12 real estate myths.
Real estate myths, the kind agents, brokers, REALTORS fight and slay like dragons one by one. How they happen and why they keep circulating. A dozen real estate myths that can impact a sale negatively. How they start, why buyers and sellers of homes and even agents keep them going strong. 
This blog post is a short read, will list the real estate myths I experience and why in my local property sale market.
Real estate myths. For starters, you, I, everyone likes a good story right?
Not the kind to put someone to sleep like you use on the kids.
But yarn spinning ones sprinkled with not too much fact, the truth stretched a tad for lots of reasons.
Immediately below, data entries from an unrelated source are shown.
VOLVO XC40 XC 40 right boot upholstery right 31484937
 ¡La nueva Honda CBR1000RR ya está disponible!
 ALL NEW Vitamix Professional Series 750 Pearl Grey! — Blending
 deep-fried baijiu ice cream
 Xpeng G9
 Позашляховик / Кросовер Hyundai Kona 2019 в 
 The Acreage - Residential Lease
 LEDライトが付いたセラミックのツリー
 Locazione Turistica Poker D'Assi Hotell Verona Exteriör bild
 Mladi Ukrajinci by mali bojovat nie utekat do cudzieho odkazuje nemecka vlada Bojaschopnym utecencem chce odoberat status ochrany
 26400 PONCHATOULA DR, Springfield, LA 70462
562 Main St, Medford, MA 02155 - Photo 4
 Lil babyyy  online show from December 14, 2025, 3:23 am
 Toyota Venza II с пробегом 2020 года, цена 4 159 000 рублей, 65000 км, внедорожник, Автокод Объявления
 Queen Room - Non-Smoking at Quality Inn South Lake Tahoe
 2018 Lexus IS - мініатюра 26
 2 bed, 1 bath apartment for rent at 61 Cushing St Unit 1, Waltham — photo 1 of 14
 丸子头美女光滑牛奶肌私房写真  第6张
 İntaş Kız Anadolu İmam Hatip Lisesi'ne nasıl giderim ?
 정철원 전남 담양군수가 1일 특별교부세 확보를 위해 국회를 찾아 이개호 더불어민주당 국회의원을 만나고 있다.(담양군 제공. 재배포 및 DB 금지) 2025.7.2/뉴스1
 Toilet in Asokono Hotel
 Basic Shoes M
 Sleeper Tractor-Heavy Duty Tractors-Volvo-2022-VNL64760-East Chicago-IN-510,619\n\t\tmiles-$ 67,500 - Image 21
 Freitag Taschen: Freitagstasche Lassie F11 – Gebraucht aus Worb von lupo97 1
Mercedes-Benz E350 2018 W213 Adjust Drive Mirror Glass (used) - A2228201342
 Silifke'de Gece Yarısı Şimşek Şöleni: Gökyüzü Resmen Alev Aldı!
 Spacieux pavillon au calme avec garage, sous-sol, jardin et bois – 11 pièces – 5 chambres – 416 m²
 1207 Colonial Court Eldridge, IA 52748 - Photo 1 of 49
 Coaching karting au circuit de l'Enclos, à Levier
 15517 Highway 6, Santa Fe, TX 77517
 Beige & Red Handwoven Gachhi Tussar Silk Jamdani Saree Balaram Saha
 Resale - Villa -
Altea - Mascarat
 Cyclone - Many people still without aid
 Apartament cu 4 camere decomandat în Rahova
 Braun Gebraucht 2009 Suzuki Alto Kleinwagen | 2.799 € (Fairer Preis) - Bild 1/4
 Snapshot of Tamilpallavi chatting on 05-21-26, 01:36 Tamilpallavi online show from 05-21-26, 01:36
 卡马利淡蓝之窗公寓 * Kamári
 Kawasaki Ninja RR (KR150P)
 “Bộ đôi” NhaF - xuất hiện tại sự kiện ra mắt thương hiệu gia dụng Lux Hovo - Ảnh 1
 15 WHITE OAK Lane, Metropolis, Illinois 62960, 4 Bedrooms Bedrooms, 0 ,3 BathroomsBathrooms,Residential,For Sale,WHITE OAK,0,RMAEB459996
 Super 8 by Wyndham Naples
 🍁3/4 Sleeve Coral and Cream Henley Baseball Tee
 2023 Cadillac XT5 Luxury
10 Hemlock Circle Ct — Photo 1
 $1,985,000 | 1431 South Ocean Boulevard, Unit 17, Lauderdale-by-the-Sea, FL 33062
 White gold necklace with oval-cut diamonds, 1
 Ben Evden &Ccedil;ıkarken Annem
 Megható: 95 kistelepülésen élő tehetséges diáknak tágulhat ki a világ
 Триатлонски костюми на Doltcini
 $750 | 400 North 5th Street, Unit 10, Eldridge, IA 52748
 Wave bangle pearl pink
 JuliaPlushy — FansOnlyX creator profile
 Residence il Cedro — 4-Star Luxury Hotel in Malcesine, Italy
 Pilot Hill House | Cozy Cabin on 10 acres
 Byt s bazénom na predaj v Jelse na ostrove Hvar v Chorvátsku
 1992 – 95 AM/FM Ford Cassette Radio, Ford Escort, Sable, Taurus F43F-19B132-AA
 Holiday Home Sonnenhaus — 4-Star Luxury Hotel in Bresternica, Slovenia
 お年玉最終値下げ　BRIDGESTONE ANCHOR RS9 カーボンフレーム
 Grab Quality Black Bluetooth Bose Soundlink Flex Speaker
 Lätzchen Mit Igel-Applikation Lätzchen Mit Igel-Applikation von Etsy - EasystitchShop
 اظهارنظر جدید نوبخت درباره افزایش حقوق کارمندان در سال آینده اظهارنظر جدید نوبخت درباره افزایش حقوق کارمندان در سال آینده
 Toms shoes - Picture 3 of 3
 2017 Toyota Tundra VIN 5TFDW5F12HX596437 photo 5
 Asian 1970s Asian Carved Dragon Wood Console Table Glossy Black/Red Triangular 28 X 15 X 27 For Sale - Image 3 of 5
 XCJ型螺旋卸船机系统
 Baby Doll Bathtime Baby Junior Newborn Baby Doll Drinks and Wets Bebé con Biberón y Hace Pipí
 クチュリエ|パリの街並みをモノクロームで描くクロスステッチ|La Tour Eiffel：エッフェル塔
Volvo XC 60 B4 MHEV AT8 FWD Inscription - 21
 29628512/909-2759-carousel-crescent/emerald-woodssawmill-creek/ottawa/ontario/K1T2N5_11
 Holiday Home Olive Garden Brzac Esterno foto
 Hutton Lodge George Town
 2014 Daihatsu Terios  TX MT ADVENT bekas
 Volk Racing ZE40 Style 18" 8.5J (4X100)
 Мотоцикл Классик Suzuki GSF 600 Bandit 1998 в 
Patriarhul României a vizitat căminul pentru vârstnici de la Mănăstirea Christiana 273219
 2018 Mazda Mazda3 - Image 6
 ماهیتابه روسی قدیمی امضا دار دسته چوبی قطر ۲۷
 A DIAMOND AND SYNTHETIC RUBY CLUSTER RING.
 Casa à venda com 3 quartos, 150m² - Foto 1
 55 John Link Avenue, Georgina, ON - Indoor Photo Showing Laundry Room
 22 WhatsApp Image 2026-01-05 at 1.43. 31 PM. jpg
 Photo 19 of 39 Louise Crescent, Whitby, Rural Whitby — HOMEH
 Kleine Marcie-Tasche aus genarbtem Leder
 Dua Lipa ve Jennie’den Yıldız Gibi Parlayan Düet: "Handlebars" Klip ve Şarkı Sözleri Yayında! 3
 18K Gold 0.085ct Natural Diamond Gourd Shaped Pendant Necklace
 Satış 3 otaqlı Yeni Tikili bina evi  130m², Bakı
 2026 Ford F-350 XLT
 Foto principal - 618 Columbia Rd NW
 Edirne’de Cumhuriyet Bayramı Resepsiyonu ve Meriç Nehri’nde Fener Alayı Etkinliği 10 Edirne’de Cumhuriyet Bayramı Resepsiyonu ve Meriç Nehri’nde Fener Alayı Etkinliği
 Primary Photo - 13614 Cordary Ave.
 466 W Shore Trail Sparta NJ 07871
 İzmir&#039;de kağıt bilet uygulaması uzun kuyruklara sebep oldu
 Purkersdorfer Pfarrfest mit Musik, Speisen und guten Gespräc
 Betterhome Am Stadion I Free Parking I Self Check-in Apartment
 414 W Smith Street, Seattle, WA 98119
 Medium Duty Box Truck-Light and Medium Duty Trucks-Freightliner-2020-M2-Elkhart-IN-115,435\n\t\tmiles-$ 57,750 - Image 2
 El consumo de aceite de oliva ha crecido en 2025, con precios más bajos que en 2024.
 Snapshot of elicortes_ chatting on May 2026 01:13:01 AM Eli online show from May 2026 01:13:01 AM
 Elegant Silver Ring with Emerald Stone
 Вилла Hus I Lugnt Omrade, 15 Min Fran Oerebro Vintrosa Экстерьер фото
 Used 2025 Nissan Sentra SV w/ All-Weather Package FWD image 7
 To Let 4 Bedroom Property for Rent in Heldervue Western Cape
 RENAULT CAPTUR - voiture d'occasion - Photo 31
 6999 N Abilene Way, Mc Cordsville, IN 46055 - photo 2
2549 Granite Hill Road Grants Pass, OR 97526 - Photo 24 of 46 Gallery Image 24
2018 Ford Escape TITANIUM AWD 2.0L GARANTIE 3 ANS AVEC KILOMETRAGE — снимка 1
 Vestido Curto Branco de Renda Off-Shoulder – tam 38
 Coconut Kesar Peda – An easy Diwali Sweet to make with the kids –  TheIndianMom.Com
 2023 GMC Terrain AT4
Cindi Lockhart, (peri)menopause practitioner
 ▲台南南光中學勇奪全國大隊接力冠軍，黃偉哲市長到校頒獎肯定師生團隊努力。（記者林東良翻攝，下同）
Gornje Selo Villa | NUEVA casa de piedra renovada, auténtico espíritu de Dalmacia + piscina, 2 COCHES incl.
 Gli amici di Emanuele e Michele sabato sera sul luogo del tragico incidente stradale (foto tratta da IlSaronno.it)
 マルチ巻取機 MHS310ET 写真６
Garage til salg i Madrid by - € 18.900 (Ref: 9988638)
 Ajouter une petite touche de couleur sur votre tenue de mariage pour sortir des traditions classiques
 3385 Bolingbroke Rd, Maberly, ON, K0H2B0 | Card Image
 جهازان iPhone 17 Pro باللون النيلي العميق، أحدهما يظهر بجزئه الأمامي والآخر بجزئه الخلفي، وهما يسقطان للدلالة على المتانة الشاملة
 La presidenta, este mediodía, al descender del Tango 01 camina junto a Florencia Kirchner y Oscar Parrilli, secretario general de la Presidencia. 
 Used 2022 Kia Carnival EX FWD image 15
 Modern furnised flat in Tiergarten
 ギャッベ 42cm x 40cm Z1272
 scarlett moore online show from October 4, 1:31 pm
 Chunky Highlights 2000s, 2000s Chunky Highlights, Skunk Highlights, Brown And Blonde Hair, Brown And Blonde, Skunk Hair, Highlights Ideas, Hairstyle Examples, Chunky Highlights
All seasoned with a little humor. And please and thank you, make it short, sweet, highly entertaining. To go down easy and sound reasonable. Craft it like a good joke worth repeating.
(Rustling crushed ball of paper being unfolded slowly sound)
On the scribbled blog post list outline, the number one for real estate myths. "Put the price high to end up selling for more" thinking.
Just the opposite happens with that kind of flawed approach to how to price your home for sale. Over priced homes develop ten foot pole marks on their exteriors. Get avoided and lonely because buyers and eventually agents too neglect them. The longer the houses are on the market, the more buyersavoid them and consider them dogs. That's no real estate myth, we hear the reaction from clients practically daily.
Over priced properties help sell other reasonably stickered real estate listings. Makes them look like even better deals in comparison to listings with the sky high price treatment. Double, triple the value or let's build in $50,000 worth of wiggle room properties just don't ever get to closings. They clog the MLS like parked dead in their track cars in the middle of a very fast super highway. The reason overpriced properties don't sell is often off handedly blamed on "must be a poor real estate market". It's not the economy, it the wrong pricing pure and simple. Ignore fair market value and plan to stay in the home for years to come. That's no real estate myth.
Other reasons real estate listings do not sell. (PSSSSsst. Making a low ball offer works the same way.. very poorly. The seller does not take you serious or is insulted or figures you are a piker. Can't afford a home priced in his bracket on the MLS merry go round of available listings.)
There must be something wrong the home buyer thinks because why is this place still on the market?
Looks okay from the photos, out on the street driving by. Often the only thing "wrong" is the price. All by itself the one factor keeping the home for sale parked way too high up in another MLS property price bracket. It's the price.
The folks searching for where it should be priced don't see it showing up on their devices. The people in the higher price brackets expect more features that it does not have. It's like the Sesame Street song about one of these things does not belong here, is not like the rest.
I blame real estate agents not just the seller myth that they alone are to blame for bloated pricing.
Can you say hanging around too long and developing shelf life with too many DOM (days on market) ? I knew you could. Real estate agents need to tell the truth on home values even if the red faced upset seller hollers "I'm not going to give it away". It does not matter how much the owner has poured into the sticks and bricks. Only so much is coming out according to current real estate home market values.